◆ **TASK**:
A word-for-word copy of all entries is required, without images.

Captioned web image data:
━━━

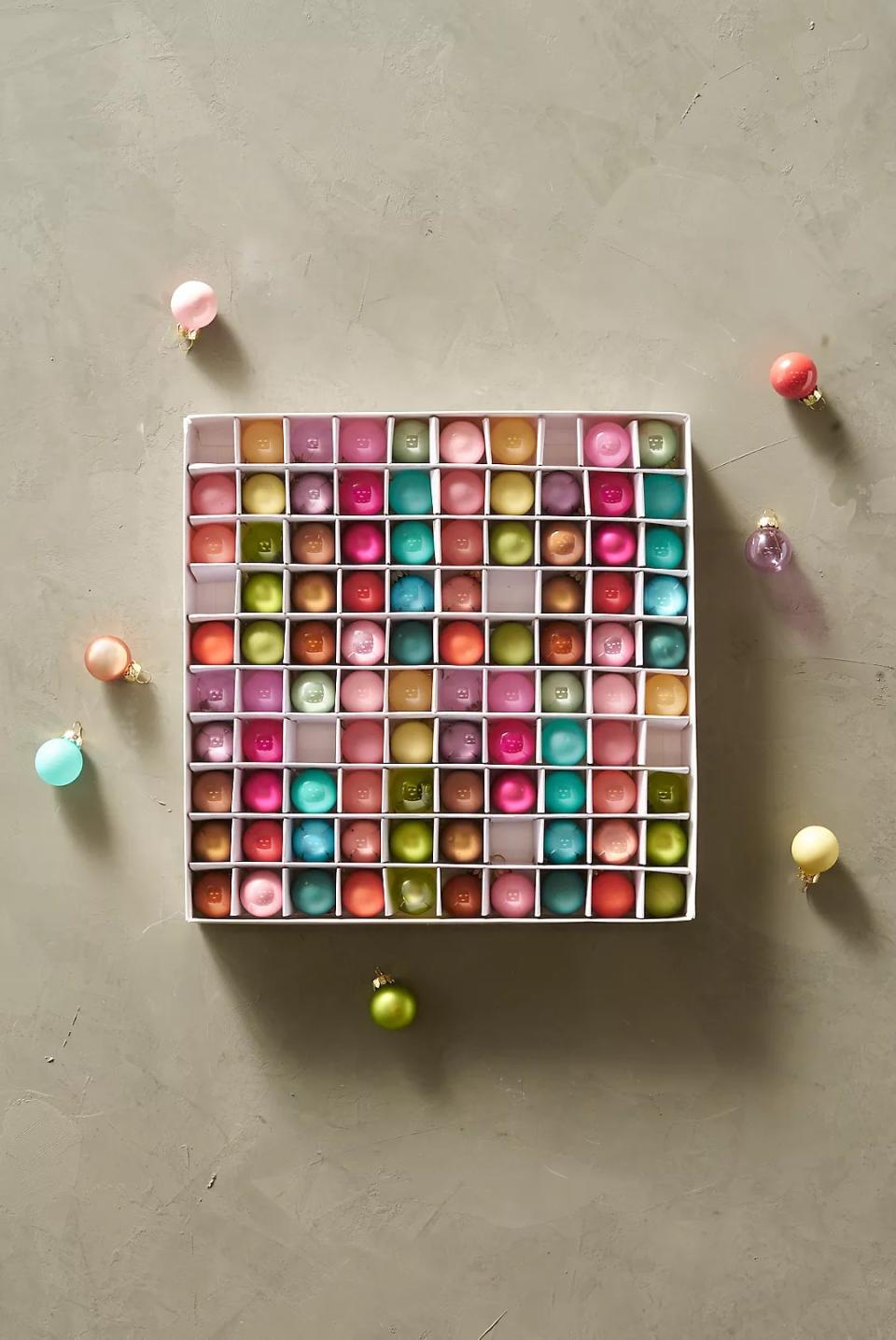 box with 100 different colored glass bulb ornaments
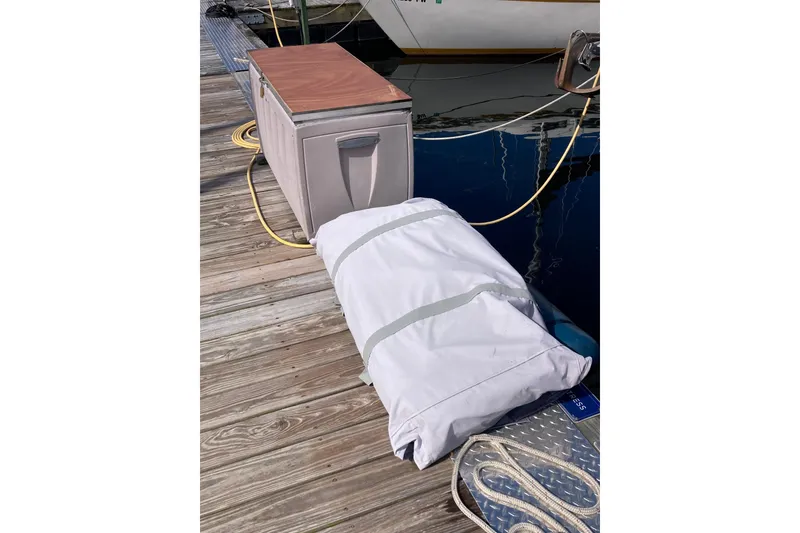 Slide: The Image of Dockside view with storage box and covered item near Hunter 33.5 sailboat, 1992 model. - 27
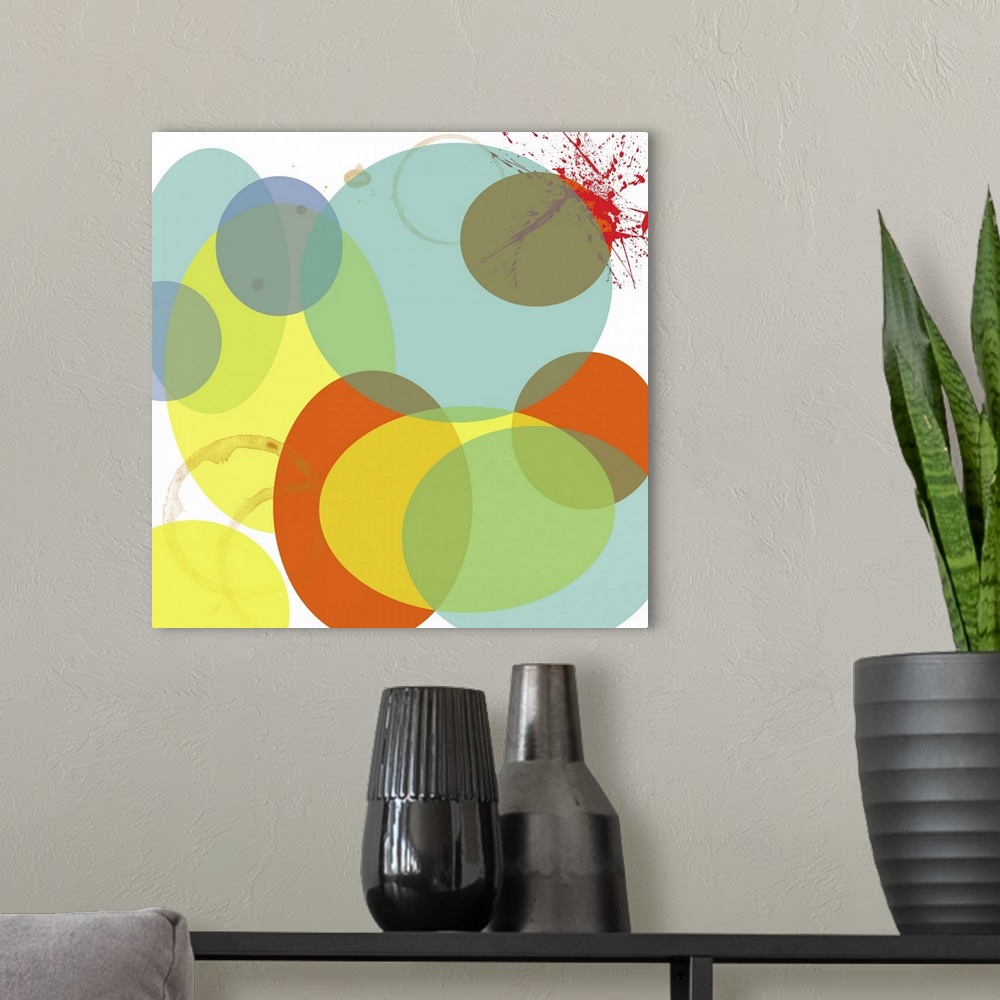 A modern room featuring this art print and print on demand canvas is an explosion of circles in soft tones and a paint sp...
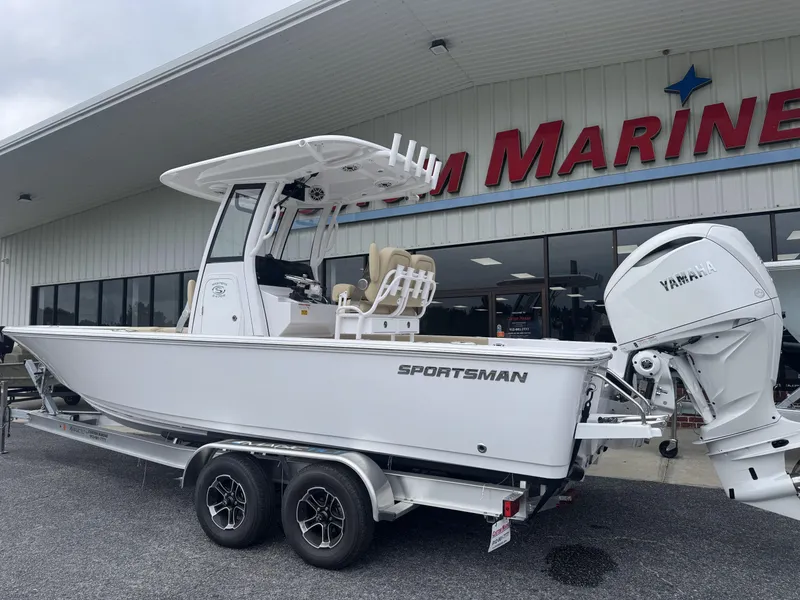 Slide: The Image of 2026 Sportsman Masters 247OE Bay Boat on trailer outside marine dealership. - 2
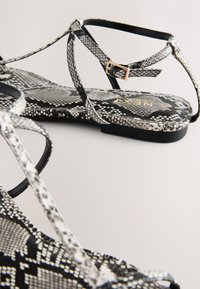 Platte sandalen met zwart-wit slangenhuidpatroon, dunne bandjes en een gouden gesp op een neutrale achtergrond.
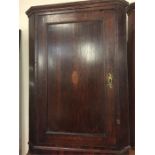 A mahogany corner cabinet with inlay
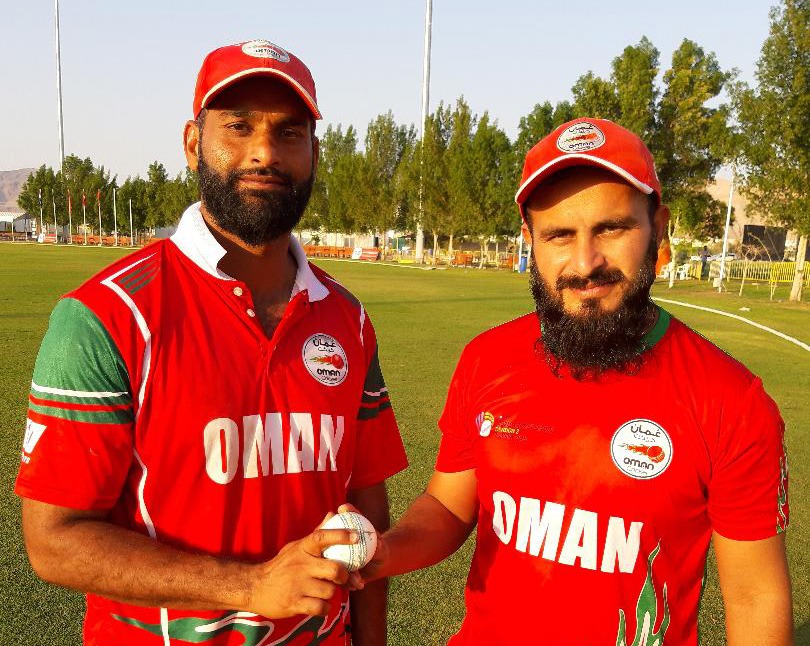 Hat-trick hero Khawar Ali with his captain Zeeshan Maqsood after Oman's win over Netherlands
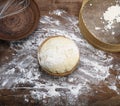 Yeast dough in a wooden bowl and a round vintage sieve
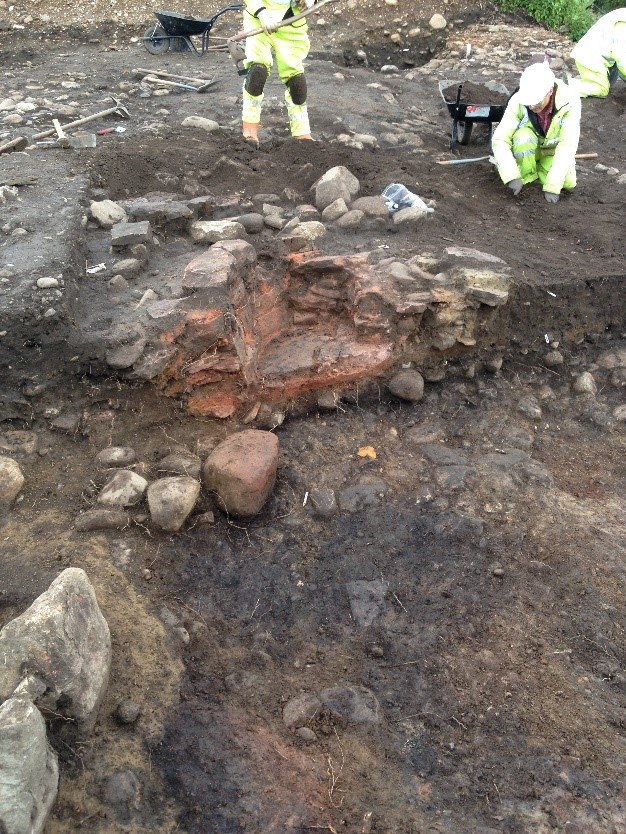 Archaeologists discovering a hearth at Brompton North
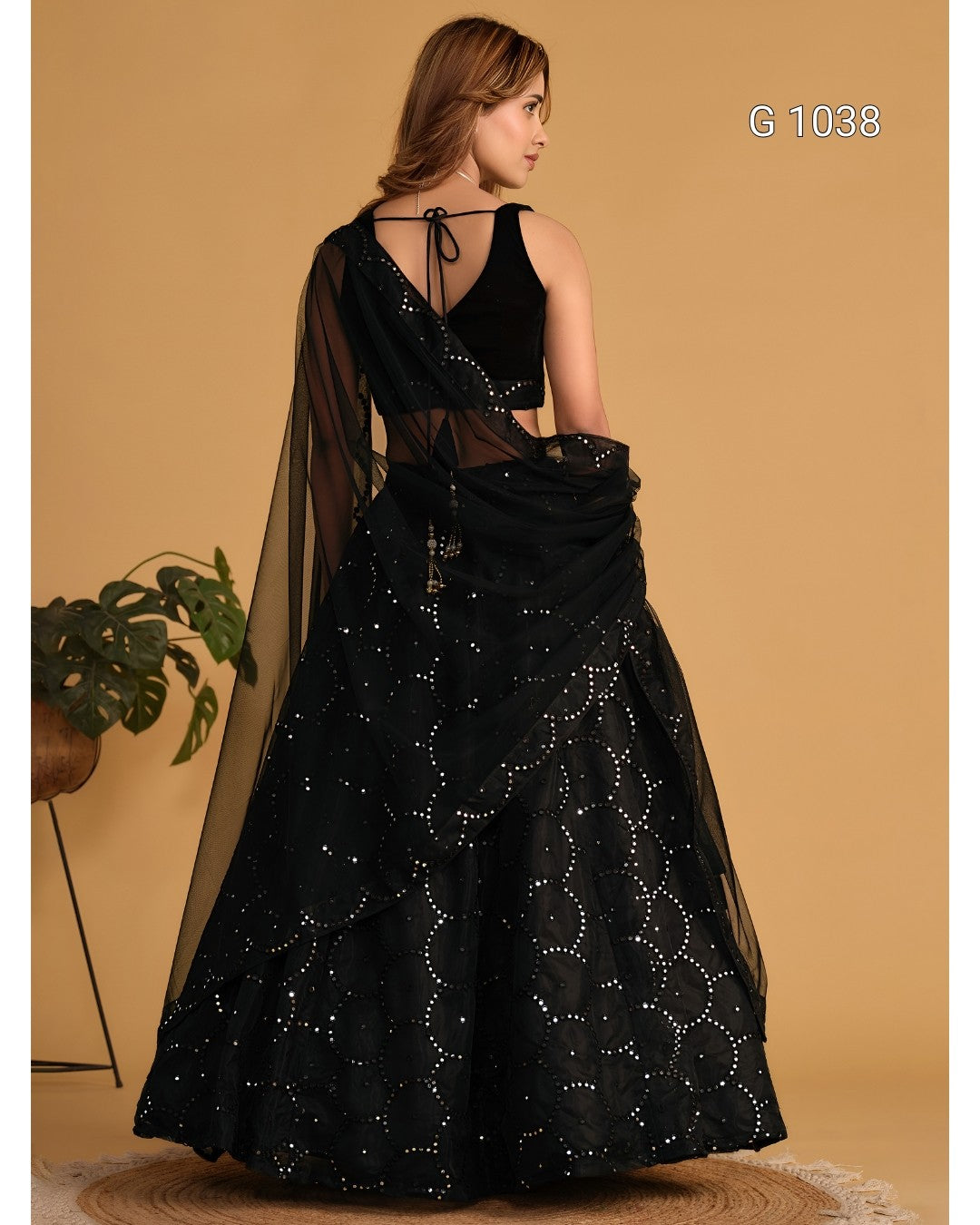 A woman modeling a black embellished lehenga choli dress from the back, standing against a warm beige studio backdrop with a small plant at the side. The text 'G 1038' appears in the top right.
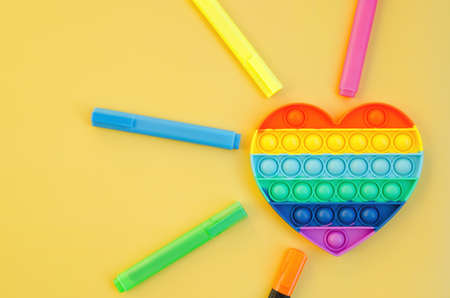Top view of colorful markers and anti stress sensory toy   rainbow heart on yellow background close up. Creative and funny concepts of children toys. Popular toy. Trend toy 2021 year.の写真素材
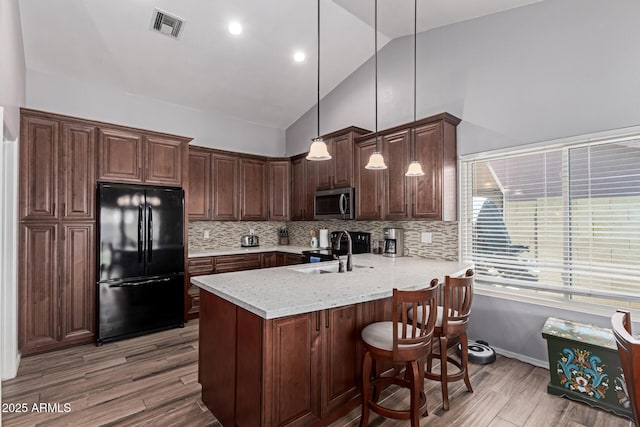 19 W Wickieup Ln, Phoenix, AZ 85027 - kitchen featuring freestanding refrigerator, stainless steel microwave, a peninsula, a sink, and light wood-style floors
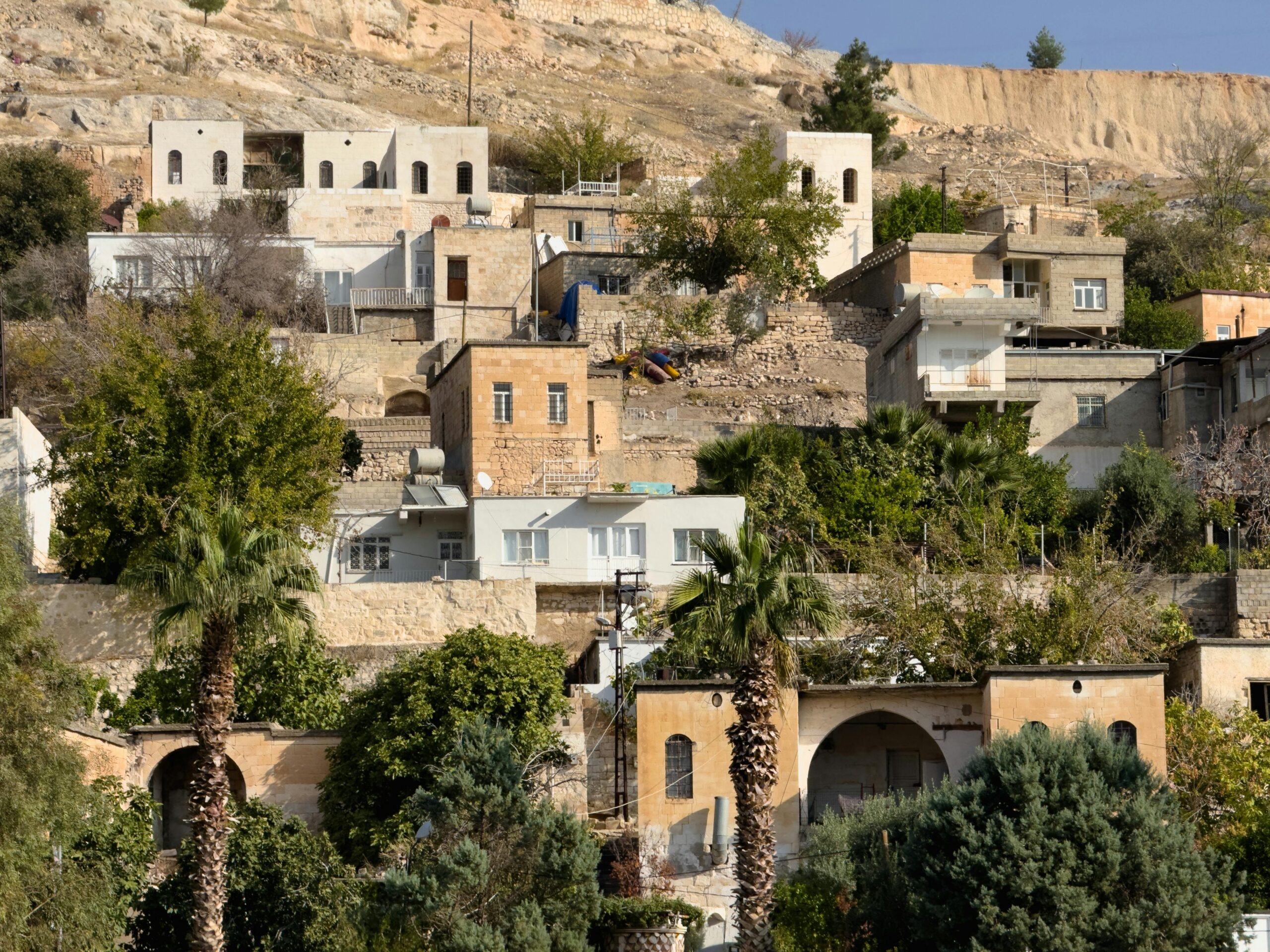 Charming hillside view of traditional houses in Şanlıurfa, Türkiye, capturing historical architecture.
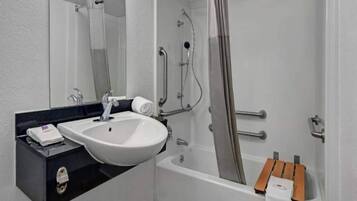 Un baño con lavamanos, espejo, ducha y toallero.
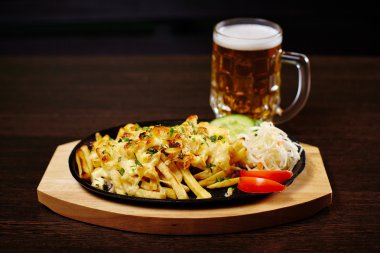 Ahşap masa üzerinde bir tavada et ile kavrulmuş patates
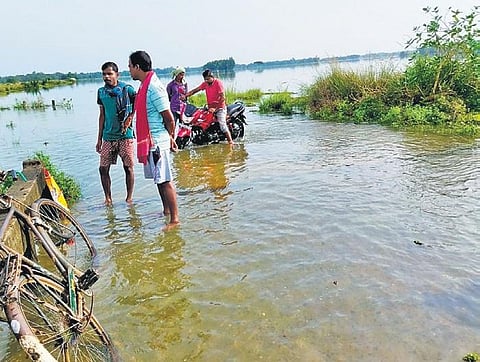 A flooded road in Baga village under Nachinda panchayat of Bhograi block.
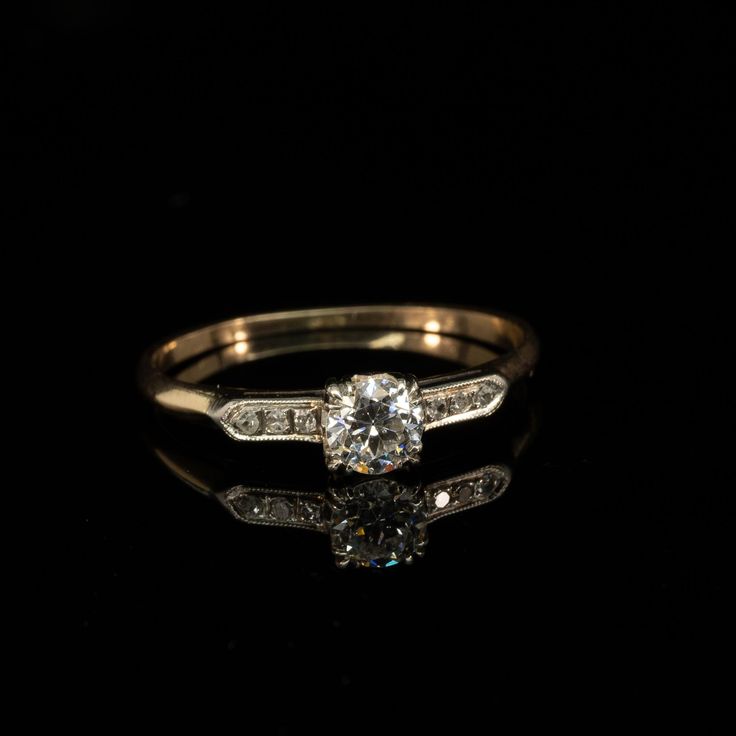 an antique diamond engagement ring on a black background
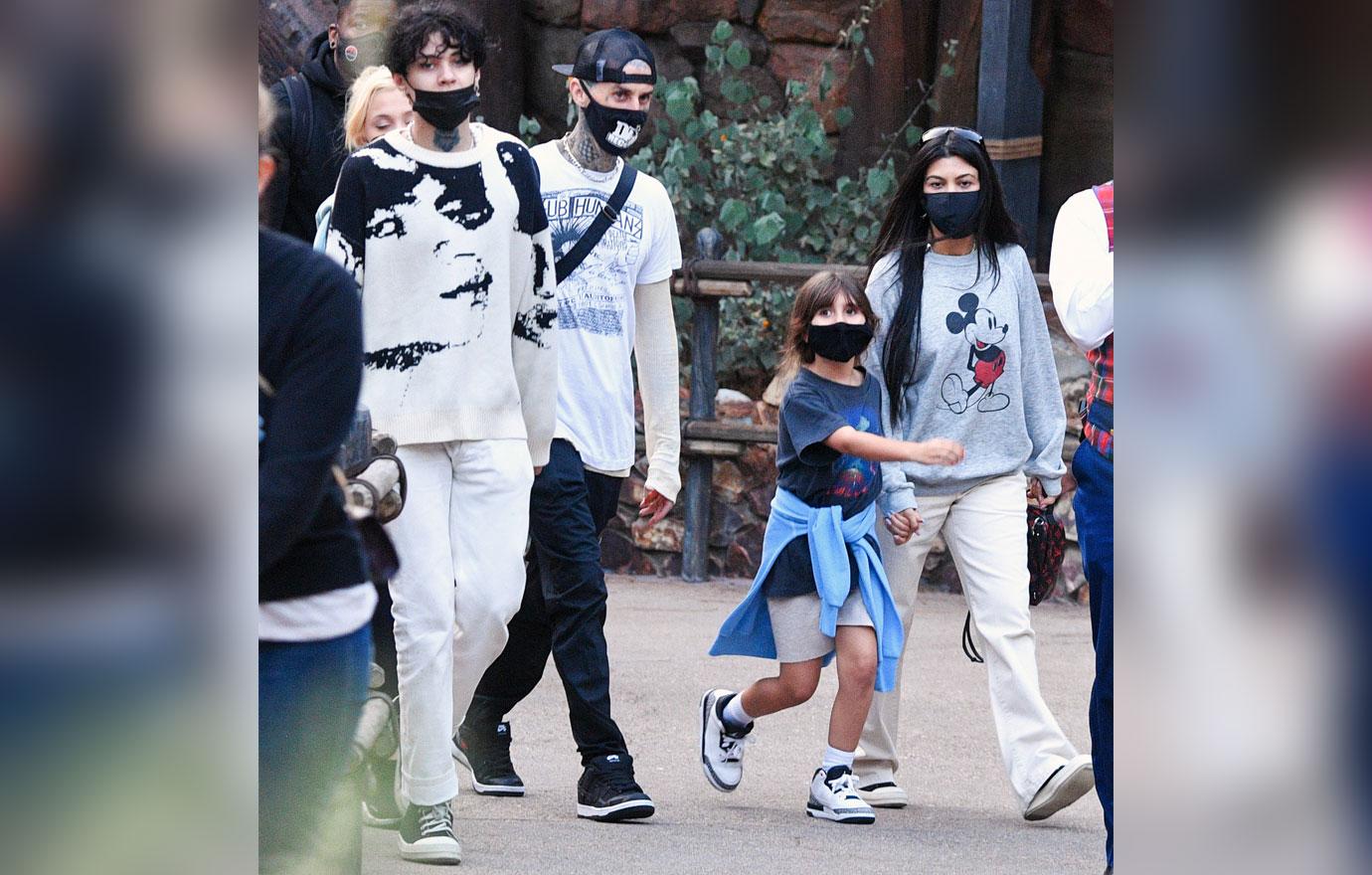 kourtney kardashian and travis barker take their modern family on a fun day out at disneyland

━━━

◆ **OUTPUT**:
 box with 100 different colored glass bulb ornaments
 Slide: The Image of Dockside view with storage box and covered item near Hunter 33.5 sailboat, 1992 model. - 27
 A modern room featuring this art print and print on demand canvas is an explosion of circles in soft tones and a paint sp...
 Slide: The Image of 2026 Sportsman Masters 247OE Bay Boat on trailer outside marine dealership. - 2
 Platte sandalen met zwart-wit slangenhuidpatroon, dunne bandjes en een gouden gesp op een neutrale achtergrond.
 A mahogany corner cabinet with inlay
 Hat-trick hero Khawar Ali with his captain Zeeshan Maqsood after Oman's win over Netherlands
 Yeast dough in a wooden bowl and a round vintage sieve
 Archaeologists discovering a hearth at Brompton North
 A woman modeling a black embellished lehenga choli dress from the back, standing against a warm beige studio backdrop with a small plant at the side. The text 'G 1038' appears in the top right.
Top view of colorful markers and anti stress sensory toy   rainbow heart on yellow background close up. Creative and funny concepts of children toys. Popular toy. Trend toy 2021 year.の写真素材
 19 W Wickieup Ln, Phoenix, AZ 85027 - kitchen featuring freestanding refrigerator, stainless steel microwave, a peninsula, a sink, and light wood-style floors
 Charming hillside view of traditional houses in Şanlıurfa, Türkiye, capturing historical architecture.
 Un baño con lavamanos, espejo, ducha y toallero.
 Ahşap masa üzerinde bir tavada et ile kavrulmuş patates
 A flooded road in Baga village under Nachinda panchayat of Bhograi block.
 an antique diamond engagement ring on a black background
 kourtney kardashian and travis barker take their modern family on a fun day out at disneyland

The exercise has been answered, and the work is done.